40 Lashes for 75-Year-Old Woman
Posted by shadmia on March 10, 2009
It is hard to believe that in the 21st century there are laws that would punish a 75-year-old woman for associating with two young men who were not her close relatives. It is hard to believe but it is true. This is the fate that befell Khamisa Mohammed Sawadi. Her punishment – 40 lashes, 4 months in prison and possible deportation.
While I believe that imposing one’s culture, religion and value systems on someone else that does not share them, is wrong; there are certain basic human rights that should be universally acknowledged, respected and protected. The following is a story of how differently (and in my opinion – wrongly) the judicial system works in Saudi Arabia where the ultra-conservative religious police and judiciary work hand in hand to dispense their own brand of justice.
Khamisa Mohammed Sawadi’s story
Khamisa Mohammed Sawadi lives in al-Chamil, a city north of the capital, Riyadh, Saudi Arabia. She is a 75-year-old widow who was born in Syria and married a Saudi man. She met with two 24-year-old men and asked them to bring 5 loaves of bread to her house. One of the men, Fahd al-Anzi, is the nephew of Sawadi’s late husband, and the other his friend and business partner Hadiyan bin Zein.
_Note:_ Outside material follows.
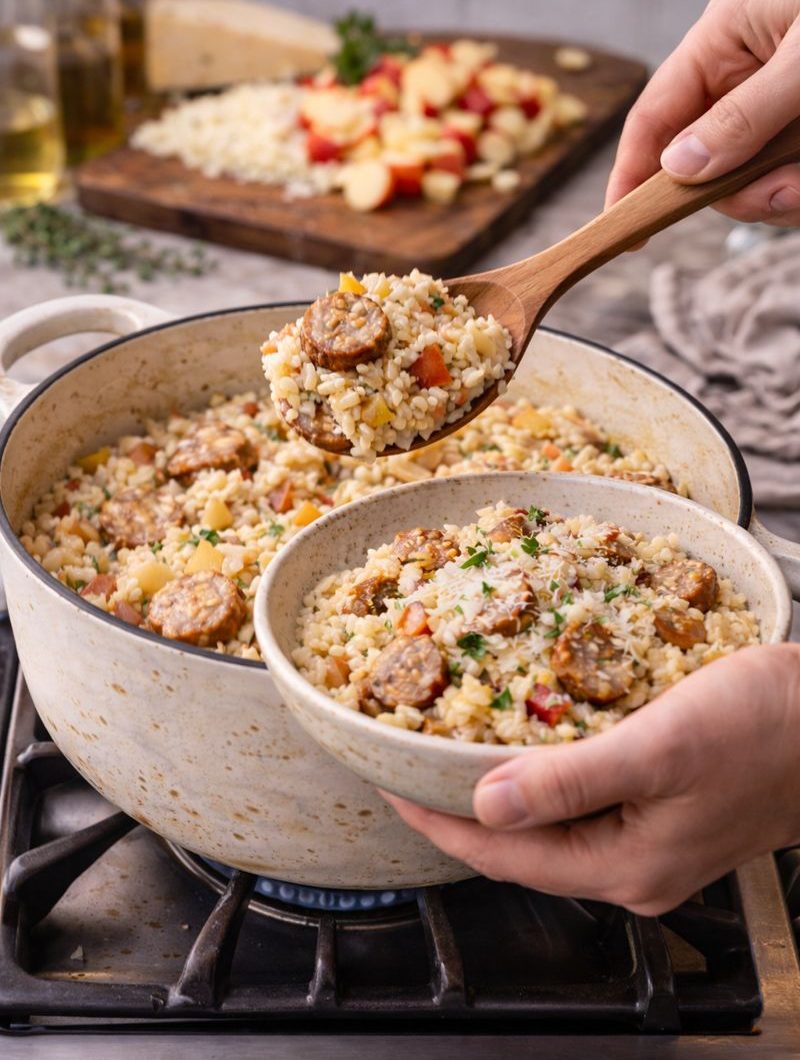 Creamy Chicken Sausage And Apple Oven Baked Risotto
Both men were arrested by the religious police after leaving Sawadi house. Sawadi was accused of mingling with two young men who were not related to her. Saudi Arabia’s strict interpretation of Islam – called Wahhabism – prohibits men and women who are not immediate relatives from mingling.
The Commission for the Promotion of Virtue and Prevention of Vice, feared by many Saudis, is made up of several thousand religious policemen charged with duties such as enforcing dress codes, prayer times and segregation of the sexes. Under Saudi law, women face many restrictions, including a strict dress code and a ban on driving. Women also need to have a man’s permission to travel.
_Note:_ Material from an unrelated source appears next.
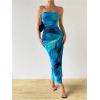 imageFloerns Womens Tie Dye Strapless Ruched Split Thigh Bodycon Long Tube DressLake Blue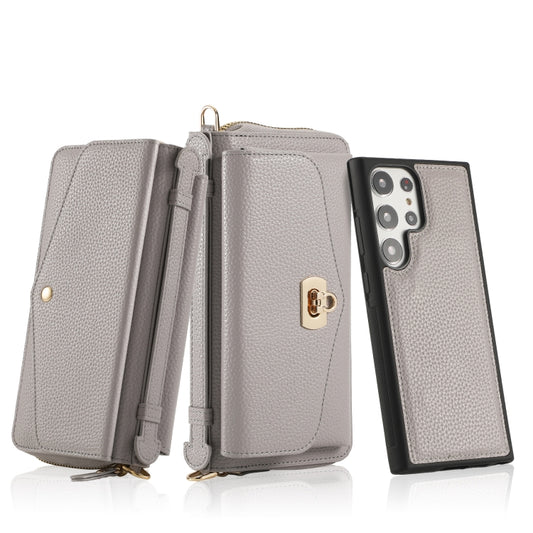 For Samsung Galaxy S23+ 5G Crossbody Multi-functional Zipper Wallet Litchi Leather Phone Case(Grey) - Galaxy S23+ 5G Cases by buy2fix | Online Shopping UK | buy2fix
At her trial Sawadi tried to explain that she considered one of the men, Fahd al-Anzi, as her son because she breast-fed him when he was a baby. But the court denied her claim, saying she didn’t provide evidence. In Islamic tradition, breast-feeding establishes a degree of maternal relation, even if a woman nurses a child who is not biologically hers.
The court, basing its ruling on “citizen information” and testimony from al-Anzi’s father, who accused Sawadi of corruption, said:
“Because she said she doesn’t have a husband and because she is not a Saudi, conviction of the defendants of illegal mingling has been confirmed,” the court verdict read.
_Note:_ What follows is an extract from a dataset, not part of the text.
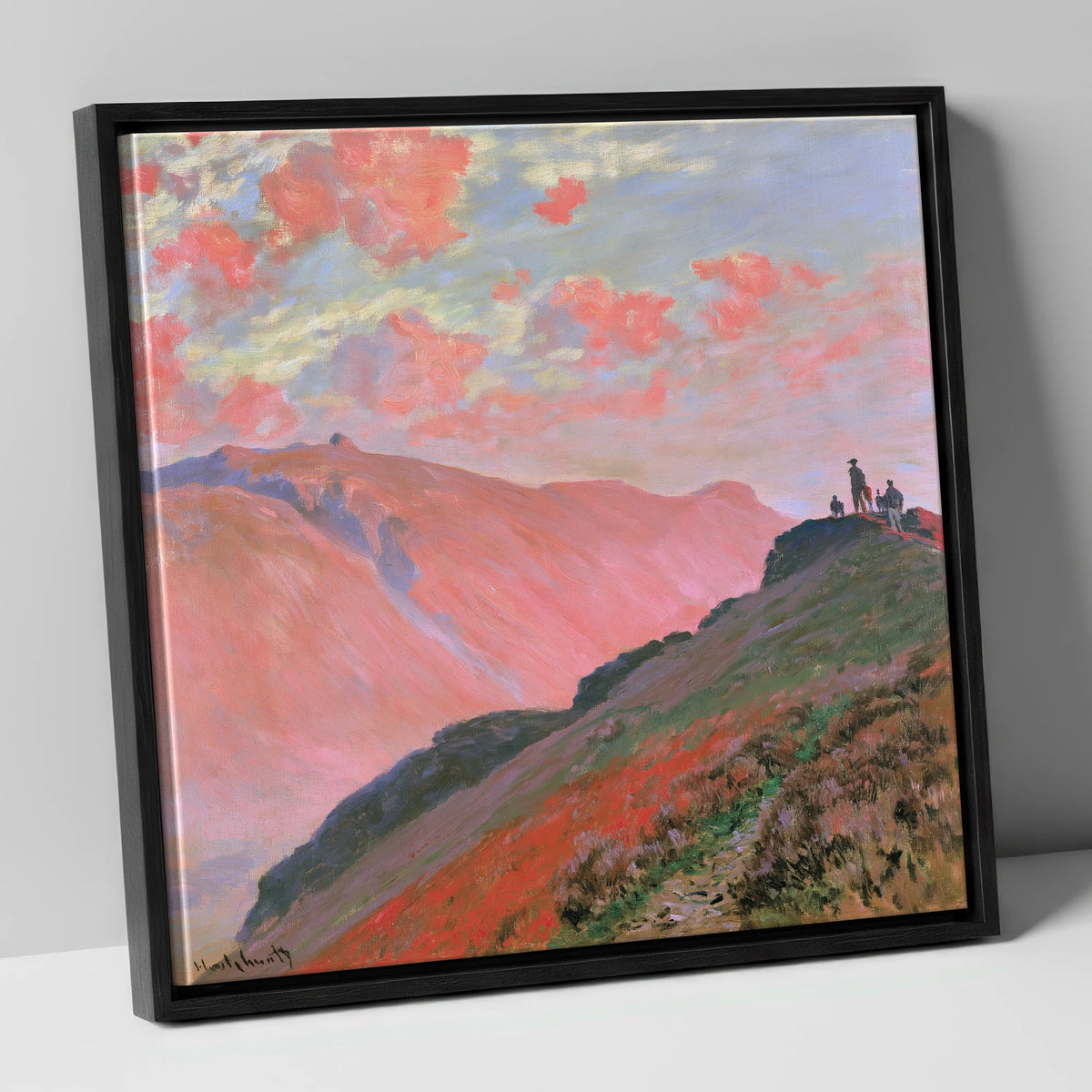 Hikers on a Pink Sunset Fell lake district fell canvas wall art in black frame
The court also doled out punishment to the two men. Fahd was sentenced to four months in prison and 40 lashes; Hadian was sentenced to six months in prison and 60 lashes.
Abdul Rahman al-Lahem, a top Saudi human rights lawyer, said that he would appeal the verdict against Khamisa Sawadi and the two men. He said the verdict also demands that Sawadi be deported after serving her sentence.
Complaints from Saudis have been growing that the religious police and courts are overstepping their broad mandate and interfering in people’s lives, and critics lambasted the handling of Sawadi’s case.
“It’s made everybody angry because this is like a grandmother,” Saudi women’s rights activist Wajeha Al-Huwaider told CNN. “Forty lashes — how can she handle that pain? You cannot justify it.”
“How can a verdict be issued based on suspicion?” Laila Ahmed al-Ahdab, a physician who also is a columnist for the Saudi newspaper, Al-Watan, wrote. “A group of people are misusing religion to serve their own interests.“
Sawadi commonly asked her neighbors for help after her husband died, said journalist Bandar al-Ammar, who reported the story for Al-Watan. In a recent article, he wrote that he felt the need to report the case “so everybody knows to what degree we have reached.”
“This is the problem with the religious police,” added Al-Huwaider, “watching people and thinking they’re bad all the time. It has nothing to do with religion. It’s all about control. And the more you spread fear among people, the more you control them. It’s giving a bad reputation to the country.”